▶ What to produce:
Each line starting at the one that contains "Óculos de Sol" and ending at the one that contains "Timeless Wonder Textured" must be returned exactly, and the rest of the listing is left out.

▶ Given records:
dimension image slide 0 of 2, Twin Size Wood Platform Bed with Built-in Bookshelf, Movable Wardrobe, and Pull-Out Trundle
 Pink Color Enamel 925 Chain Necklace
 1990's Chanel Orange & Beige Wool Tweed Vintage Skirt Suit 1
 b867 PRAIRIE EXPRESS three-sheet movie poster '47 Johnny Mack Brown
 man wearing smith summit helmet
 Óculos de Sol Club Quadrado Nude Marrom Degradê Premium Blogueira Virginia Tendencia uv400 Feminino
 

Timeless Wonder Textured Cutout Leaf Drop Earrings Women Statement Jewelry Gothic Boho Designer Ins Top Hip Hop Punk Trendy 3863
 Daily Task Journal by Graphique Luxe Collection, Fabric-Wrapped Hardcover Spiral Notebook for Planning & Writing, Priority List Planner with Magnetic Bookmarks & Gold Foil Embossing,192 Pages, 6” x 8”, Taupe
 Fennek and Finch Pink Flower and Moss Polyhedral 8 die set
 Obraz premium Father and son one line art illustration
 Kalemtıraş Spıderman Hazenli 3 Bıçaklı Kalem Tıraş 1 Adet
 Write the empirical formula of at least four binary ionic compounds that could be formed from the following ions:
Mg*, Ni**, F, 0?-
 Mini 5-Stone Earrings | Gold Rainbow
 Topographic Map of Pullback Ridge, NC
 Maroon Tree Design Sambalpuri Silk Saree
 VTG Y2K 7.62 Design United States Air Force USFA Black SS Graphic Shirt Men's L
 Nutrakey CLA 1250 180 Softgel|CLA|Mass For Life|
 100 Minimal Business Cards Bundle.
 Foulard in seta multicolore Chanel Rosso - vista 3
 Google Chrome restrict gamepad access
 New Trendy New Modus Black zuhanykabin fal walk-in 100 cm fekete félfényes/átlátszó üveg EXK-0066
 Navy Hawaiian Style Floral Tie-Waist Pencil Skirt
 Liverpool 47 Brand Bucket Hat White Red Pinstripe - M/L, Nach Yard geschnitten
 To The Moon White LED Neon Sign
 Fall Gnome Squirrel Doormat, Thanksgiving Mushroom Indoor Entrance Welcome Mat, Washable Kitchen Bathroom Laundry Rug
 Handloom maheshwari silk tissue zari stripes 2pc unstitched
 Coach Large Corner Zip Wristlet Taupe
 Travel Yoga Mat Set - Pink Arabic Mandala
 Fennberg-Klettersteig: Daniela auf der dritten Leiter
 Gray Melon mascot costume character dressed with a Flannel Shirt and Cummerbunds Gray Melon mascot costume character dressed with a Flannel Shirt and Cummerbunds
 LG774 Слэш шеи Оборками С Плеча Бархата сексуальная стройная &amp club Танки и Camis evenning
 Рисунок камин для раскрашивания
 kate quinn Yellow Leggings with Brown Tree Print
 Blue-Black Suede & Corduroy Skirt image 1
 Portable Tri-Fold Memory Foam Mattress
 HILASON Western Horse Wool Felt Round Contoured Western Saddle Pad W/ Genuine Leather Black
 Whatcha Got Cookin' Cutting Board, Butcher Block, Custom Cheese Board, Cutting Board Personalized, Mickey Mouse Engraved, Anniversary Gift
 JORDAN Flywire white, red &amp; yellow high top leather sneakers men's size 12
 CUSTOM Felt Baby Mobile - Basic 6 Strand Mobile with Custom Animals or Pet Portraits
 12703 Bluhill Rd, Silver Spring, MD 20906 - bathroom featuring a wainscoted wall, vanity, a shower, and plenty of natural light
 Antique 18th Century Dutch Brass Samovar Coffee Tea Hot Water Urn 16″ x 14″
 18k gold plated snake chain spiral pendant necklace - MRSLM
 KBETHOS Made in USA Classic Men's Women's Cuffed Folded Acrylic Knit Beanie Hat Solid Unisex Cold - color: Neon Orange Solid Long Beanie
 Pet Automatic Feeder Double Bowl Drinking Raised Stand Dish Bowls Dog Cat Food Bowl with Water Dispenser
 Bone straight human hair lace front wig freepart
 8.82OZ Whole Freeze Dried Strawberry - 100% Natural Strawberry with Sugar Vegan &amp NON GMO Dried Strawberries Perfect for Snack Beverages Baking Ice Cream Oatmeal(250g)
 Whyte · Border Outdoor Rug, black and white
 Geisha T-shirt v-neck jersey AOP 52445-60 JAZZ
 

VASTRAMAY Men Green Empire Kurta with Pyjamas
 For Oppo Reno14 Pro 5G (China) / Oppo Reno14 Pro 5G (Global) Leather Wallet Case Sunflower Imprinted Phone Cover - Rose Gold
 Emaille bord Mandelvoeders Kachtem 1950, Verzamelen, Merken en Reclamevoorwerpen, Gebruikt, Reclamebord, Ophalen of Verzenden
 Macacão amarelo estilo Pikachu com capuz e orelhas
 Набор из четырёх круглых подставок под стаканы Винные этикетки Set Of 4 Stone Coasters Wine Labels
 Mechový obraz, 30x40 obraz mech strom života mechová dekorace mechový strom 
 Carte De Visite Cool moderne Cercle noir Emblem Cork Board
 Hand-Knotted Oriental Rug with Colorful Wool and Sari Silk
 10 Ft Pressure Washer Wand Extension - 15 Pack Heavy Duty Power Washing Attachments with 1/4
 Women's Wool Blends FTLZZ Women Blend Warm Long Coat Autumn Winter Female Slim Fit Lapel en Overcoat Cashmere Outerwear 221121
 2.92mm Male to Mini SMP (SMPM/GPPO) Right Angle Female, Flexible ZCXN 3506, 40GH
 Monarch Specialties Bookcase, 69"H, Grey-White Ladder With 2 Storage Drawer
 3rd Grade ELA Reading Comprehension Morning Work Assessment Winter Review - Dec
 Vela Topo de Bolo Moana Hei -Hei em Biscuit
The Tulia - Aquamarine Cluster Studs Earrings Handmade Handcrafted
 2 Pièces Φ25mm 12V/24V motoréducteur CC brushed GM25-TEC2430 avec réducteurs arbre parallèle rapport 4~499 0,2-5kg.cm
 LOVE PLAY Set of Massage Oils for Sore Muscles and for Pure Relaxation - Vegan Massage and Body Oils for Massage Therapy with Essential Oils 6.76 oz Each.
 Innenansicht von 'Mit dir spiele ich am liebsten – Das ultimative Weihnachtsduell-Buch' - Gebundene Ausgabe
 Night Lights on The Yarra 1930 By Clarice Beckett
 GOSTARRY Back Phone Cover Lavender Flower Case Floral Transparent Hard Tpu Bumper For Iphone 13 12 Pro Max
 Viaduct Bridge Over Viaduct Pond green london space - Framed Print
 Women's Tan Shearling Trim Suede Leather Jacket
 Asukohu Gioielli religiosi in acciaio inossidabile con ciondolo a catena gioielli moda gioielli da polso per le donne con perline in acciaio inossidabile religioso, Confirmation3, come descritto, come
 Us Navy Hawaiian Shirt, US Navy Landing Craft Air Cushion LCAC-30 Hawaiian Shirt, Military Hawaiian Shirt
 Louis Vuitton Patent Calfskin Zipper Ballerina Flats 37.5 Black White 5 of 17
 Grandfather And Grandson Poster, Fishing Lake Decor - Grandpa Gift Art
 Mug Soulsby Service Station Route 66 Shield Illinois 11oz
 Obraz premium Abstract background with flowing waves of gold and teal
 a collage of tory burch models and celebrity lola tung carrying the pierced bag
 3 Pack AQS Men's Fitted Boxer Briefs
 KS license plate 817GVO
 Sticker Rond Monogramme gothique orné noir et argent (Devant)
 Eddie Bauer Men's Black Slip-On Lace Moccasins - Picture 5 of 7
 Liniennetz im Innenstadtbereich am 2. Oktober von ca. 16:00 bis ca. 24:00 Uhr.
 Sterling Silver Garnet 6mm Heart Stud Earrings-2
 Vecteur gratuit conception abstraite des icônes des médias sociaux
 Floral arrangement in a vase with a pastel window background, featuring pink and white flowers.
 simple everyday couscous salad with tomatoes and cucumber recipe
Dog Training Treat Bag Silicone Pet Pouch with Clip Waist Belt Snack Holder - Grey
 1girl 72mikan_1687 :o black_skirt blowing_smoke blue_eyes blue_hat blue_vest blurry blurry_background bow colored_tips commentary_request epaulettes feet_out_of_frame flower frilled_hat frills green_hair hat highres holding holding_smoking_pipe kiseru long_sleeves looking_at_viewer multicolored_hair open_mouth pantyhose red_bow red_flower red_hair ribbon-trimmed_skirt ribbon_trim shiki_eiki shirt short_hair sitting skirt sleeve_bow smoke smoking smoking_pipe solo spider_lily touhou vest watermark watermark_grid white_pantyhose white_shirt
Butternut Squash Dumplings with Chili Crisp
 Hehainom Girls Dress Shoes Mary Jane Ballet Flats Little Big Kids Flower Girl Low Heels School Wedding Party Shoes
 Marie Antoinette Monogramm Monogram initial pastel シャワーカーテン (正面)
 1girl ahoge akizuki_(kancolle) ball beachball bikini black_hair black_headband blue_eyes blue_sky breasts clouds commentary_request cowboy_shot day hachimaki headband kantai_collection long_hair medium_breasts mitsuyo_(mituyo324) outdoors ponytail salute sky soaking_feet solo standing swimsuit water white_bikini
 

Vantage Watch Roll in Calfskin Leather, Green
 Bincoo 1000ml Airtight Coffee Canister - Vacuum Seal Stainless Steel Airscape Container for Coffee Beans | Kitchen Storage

▶ The completed task:
 Óculos de Sol Club Quadrado Nude Marrom Degradê Premium Blogueira Virginia Tendencia uv400 Feminino
 

Timeless Wonder Textured Cutout Leaf Drop Earrings Women Statement Jewelry Gothic Boho Designer Ins Top Hip Hop Punk Trendy 3863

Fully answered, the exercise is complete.